As instalações da RTP em Lisboa foram esta terça-feira, 17 de Abril, alvo de buscas por parte da Polícia Judiciária (PJ), confirmou à Lusa fonte oficial da empresa. “Confirma-se a realização de buscas no âmbito de um inquérito dirigido pelo Ministério Público do DIAP [Departamento de Investigação e Ação Penal] de Évora”, disse posteriormente fonte oficial da Procuradoria-Geral da República, não adiantando mais detalhes sobre a operação.


Segundo fonte ligada ao processo, as buscas decorreram no âmbito de uma investigação que remonta ao ano de 2012 e que dizem respeito a um patrocínio da empresa municipal Águas de Santarém ao programa da RTP ‘Justiça Cega’ onde Moita Flores era comentador. Moita Flores era na altura também presidente da Câmara de Santarém e da Águas de Santarém.

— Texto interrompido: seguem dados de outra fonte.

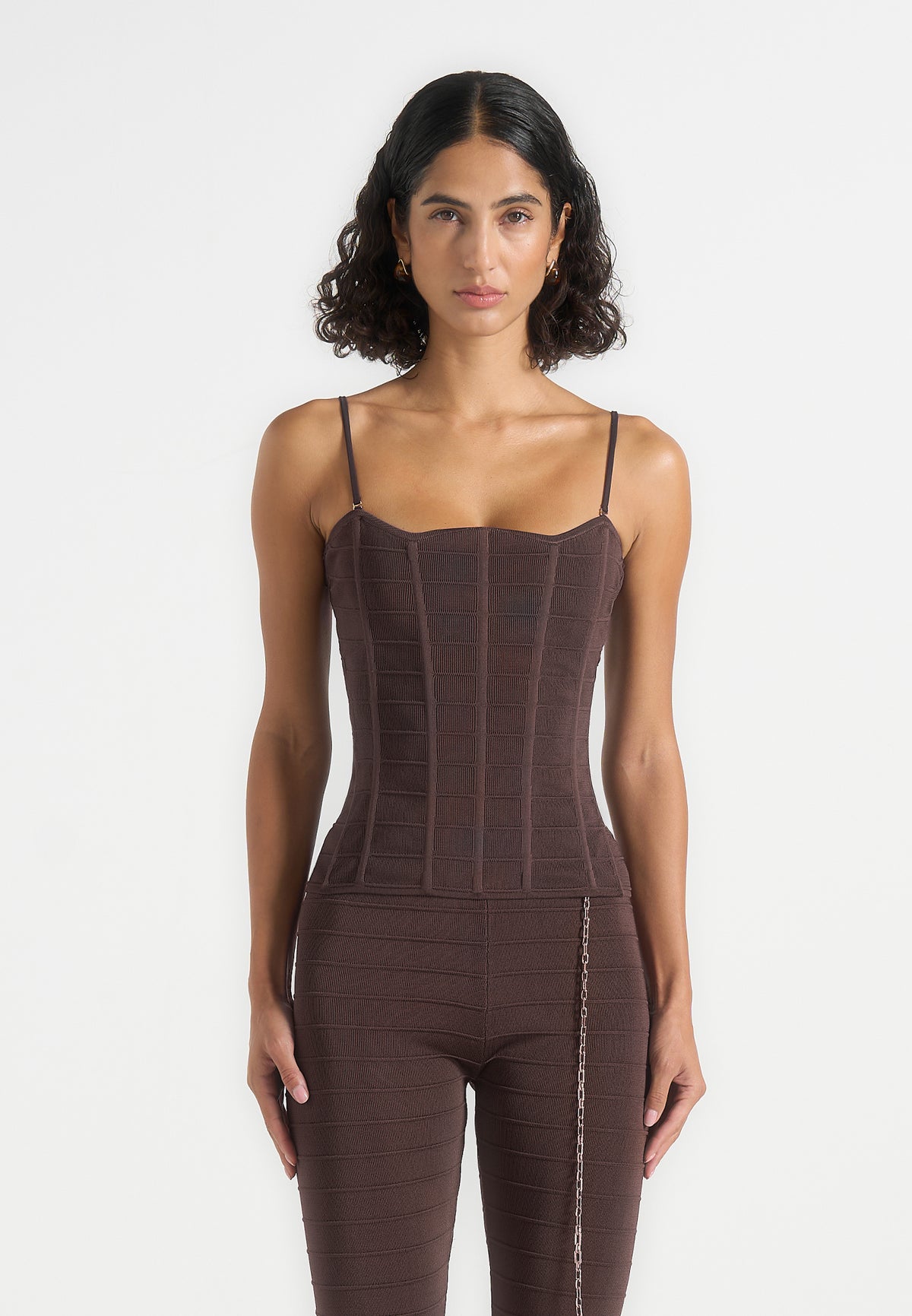 Karima - Ottoman Bandage Knit Corset Top - Brown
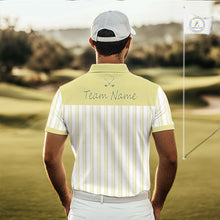 Load image into Gallery viewer, Personalized Golf Polo Shirt Mint Yellow Striped Custom Team Name Polo For Men NHT940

O assunto foi noticiado por O MIRANTE em 21 de Agosto de 2014. A RTP facturou à empresa Águas de Santarém, exclusivamente detida pela Câmara de Santarém, as transmissões em directo do programa Justiça Cega a partir de Santarém e da Figueira da Foz, num total de mais de 12 mil euros.


A estranheza do envolvimento da empresa já tinha sido levantada numa reunião de câmara mas nunca se soube bem os contornos do negócio que envolvia Francisco Moita Flores, que foi presidente da Câmara de Santarém e que por inerência de funções presidia também à empresa municipal. Na altura, a RTP, através de uma empresa de consultoria, foi parca em explicações.


O MIRANTE teve acesso às facturas referentes às duas transmissões que curiosamente foram emitidas no mesmo dia, 20 de Agosto de 2012. Cerca de dois meses antes de Moita Flores ter renunciado ao cargo de presidente da câmara, após um período em que suspendeu as funções alegando razões de saúde.